Yes, it’s past high time for this long awaited and much needed reform; so, let’s join together, MHARR & MHI, along with the Manufactured Housing Congressional Caucus and clamor for…

‘Hey HUD! Help Out!’

***
End Notes.

1. Affordable housing. This is one housing writer who rarely mentions ‘affordable housing’ &/or ‘housing affordability’ without providing a definitions and a multipart frame of reference for readers. So, FYI. Definition: “Housing is affordable when individuals or households ‘…earning less than half of their area’s median income or AMI’, can afford to rent a conventional apartment and or buy a home in their local housing market.” Quoted from June 2011 issue of Multihousing Professional, page # 11. The multipart frame of reference includes Six Measures of Affordable Housing & Housing Affordability that include: the 30% Housing Expense Factor or HEF; The Housing Opportunity Index or HOI; The Housing Wage or HW; The Workforce Housing or WFH; The Income to Home Value Ratio or IHVR; and the very subjective, ‘One Who Believes’ that “Ownership housing is affordable if the price is right”. The latter frame of reference definition quoted from Shelterforce magazine, Fall of 2007. This material summarized from Chapter # 4, ‘Affordable Housing & Housing Affordability’ in the Book of Formulae, Rules of Thumb, & Helpful Measures…by George Allen, PMN Publishing, Indianapolis, IN. 46247., 2012.

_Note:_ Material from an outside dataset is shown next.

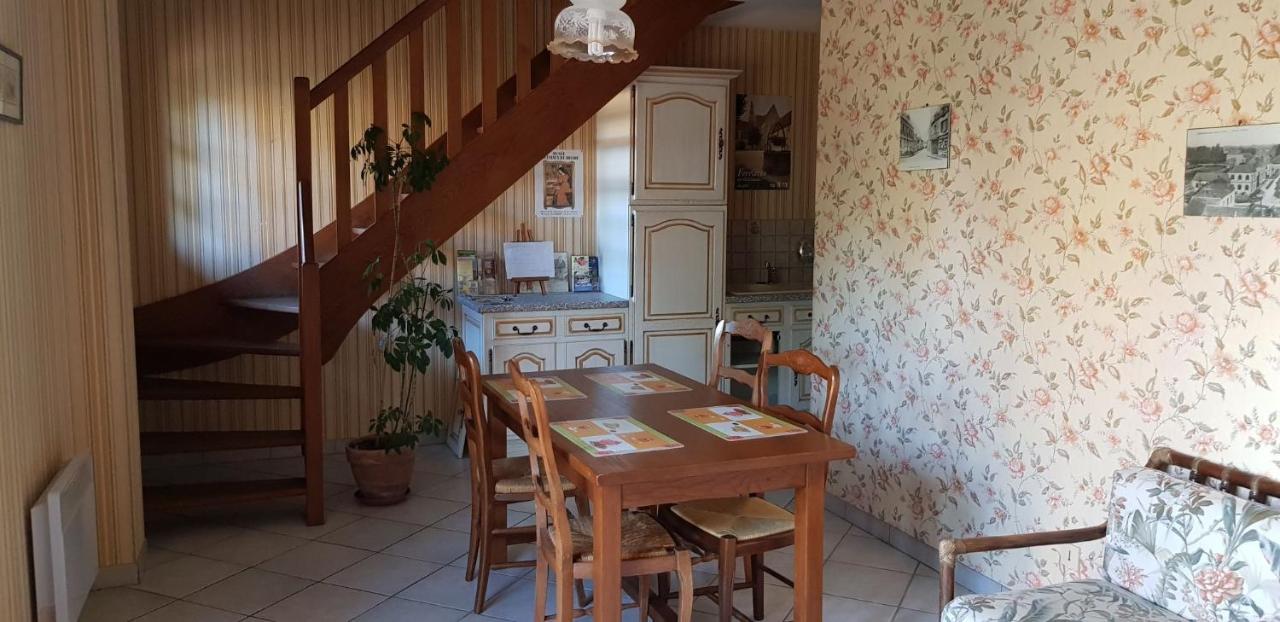 Les Brulis Chambre D'Hotes Chatillon-sur-Loire Bagian luar foto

2. For example, take the Manufactured Housing Improvement Act of 2000 (a.k.a. ‘MHIA@2000’). It was designed by Congress to require and achieve full parity between HUD – Code manufactured homes and all other types of housing! Specifically, the U.S. Congress directed HUD, in this law, to “facilitat(e) the acceptance of the quality, durability, safety and affordability of manufactured housing within the Department” – in other words, place HUD – Code manufactured housing into the mainstream of housing and home financing programs supported by HUD, to the tune of billions of tax dollars every year! And once the MHIA@2000 law is ‘finally and fully implemented’, after a 12 plus year hiatus, HUD, FHA, lenders and others, must STOP discriminating against HUD – Code manufactured housing, and begin treating it, in every way, like all other types of housing in the U.S. Just how far out of touch is HUD today, when it comes to ‘promoting’ HUD – Code manufactured housing as an affordable housing alternative in the U.S.? HUD – Code manufactured housing is not even on the department’s ‘radar screen’ of Strategic Plan goals and sub goals! For example; an ‘Advanced Search’, entering the words ‘manufactured housing promotion’, on the department’s website, produces this left field result: ‘Promotion of alternative dispute resolution’, along with other similar red herring results, all having nothing to do with promoting HUD – Code manufactured housing as an affordable housing choice, within or outside 50,000+/- land lease lifestyle communities located throughout this nation! Yes, it’s high time for a change: ‘Hey HUD! Help out!’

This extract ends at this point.